In [12]: df = df.unstack()
In [13]: df
Out[13]:
0 1 2
C xxx xx x xxx xx x xxx xx x
A B
a 0 0.881862 0.168813 0.683399 0.143344 0.891502 0.652522 0.867280 0.385490 0.549847
b 1 0.974950 0.062986 0.674635 0.448647 0.675858 0.607875 0.178389 0.895372 0.356187
In [14]: df.index
Out[14]:
MultiIndex(levels=[['a', 'b'], [0, 1]],
codes=[[0, 1], [0, 1]],
names=['A', 'B'])
Now the data frame is sorted by the remaining levels in the index!
This is undocumented behavior. The documentation says only: "The level involved will automatically get sorted."
This is quite aggravating with column multiindex. It doesn't seem like there is a work around.
Firstly,there doesn't seem to be an easy way to convert an existing multindex into a categorical one. The best I could come up with is to select a df row, reset_index on the resultant series, and manually create a categorical multi-index index out of all the relevant columns, and then re-assign that to the original. This works, but it would be nice if there was an easy way to do something like df.columns['blah'] = pd.CategoricalIndex(df.columns['blah'], ordered=True) or something.

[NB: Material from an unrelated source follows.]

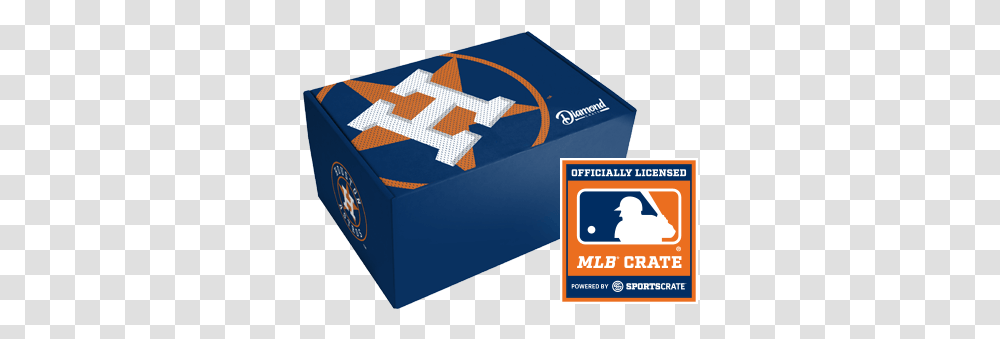 Houston Astros Diamond Crate From Major League Baseball Logo, Text, Person, Human, Box Transparent Png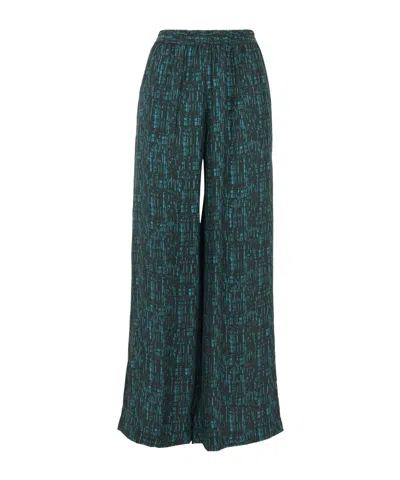 Gianluca Capannolo Casual Pants With An Irregular Pattern In Green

Secondly, even with a categorical column multi index, the categories are completely ignored. For example, I would like to stack the 'year' level of the columns, and retain the order of the other levels, but the Categoricalness gets lost in transit:
In [1]: final_df.columns
Out[1]:
MultiIndex([('value', 'sum_risk_cost', 2020, 'national'),
('value', 'sum_risk_cost', 2100, 'national'),
('value', 'avg_risk_fraction', 2020, 'national'),
('value', 'avg_risk_fraction', 2100, 'national'),
('value', 'count_uninsurable', 2020, 'national'),
('value', 'count_uninsurable', 2100, 'national'),
('value', 'percent_uninsurable', 2020, 'national'),
('value', 'percent_uninsurable', 2100, 'national'),
( 'rank', 'sum_risk_cost', 2020, 'national'),
( 'rank', 'sum_risk_cost', 2020, 'nat_10k'),
( 'rank', 'sum_risk_cost', 2020, 'state'),
( 'rank', 'sum_risk_cost', 2100, 'national'),
( 'rank', 'sum_risk_cost', 2100, 'nat_10k'),
( 'rank', 'sum_risk_cost', 2100, 'state'),
( 'rank', 'avg_risk_fraction', 2020, 'national'),
( 'rank', 'avg_risk_fraction', 2020, 'nat_10k'),
( 'rank', 'avg_risk_fraction', 2020, 'state'),
( 'rank', 'avg_risk_fraction', 2100, 'national'),
( 'rank', 'avg_risk_fraction', 2100, 'nat_10k'),
( 'rank', 'avg_risk_fraction', 2100, 'state'),
( 'rank', 'count_uninsurable', 2020, 'national'),
( 'rank', 'count_uninsurable', 2020, 'nat_10k'),
( 'rank', 'count_uninsurable', 2020, 'state'),
( 'rank', 'count_uninsurable', 2100, 'national'),
( 'rank', 'count_uninsurable', 2100, 'nat_10k'),
( 'rank', 'count_uninsurable', 2100, 'state'),
( 'rank', 'percent_uninsurable', 2020, 'national'),
( 'rank', 'percent_uninsurable', 2020, 'nat_10k'),
( 'rank', 'percent_uninsurable', 2020, 'state'),
( 'rank', 'percent_uninsurable', 2100, 'national'),
( 'rank', 'percent_uninsurable', 2100, 'nat_10k'),
( 'rank', 'percent_uninsurable', 2100, 'state')],
names=['type', 'stat', 'year', 'subset'])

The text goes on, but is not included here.